• [Exercise requirements]
Take the lines in the listing below from the line with "Dior Backstage Face" up to and including the line with "Kinder Bristol City 2025/26 Heimshorts" and set them down exactly, skipping pictures and adding nothing.

Start of Records for this task

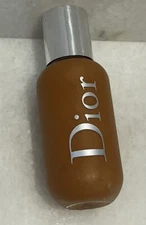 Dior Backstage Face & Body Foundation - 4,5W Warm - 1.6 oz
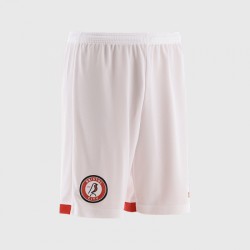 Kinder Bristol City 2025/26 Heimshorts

End of Records for this task
Start of Records for this task

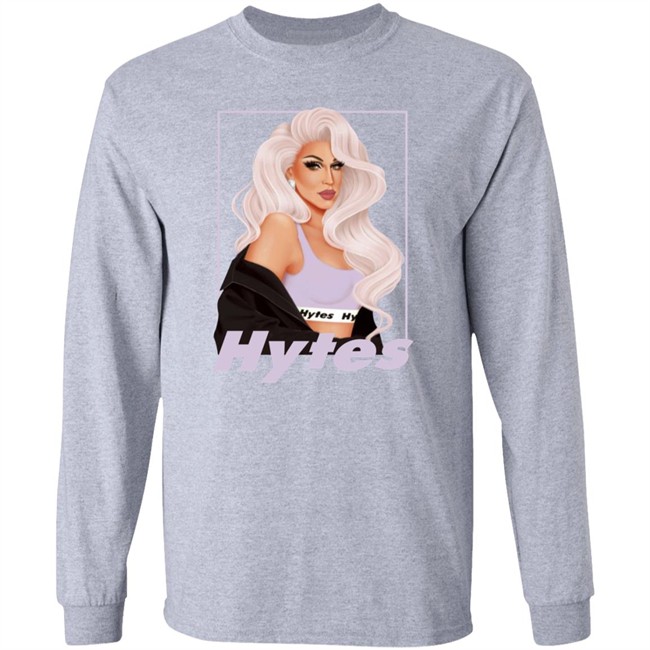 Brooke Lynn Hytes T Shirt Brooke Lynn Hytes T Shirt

End of Records for this task

• [Response]
 Dior Backstage Face & Body Foundation - 4,5W Warm - 1.6 oz
 Kinder Bristol City 2025/26 Heimshorts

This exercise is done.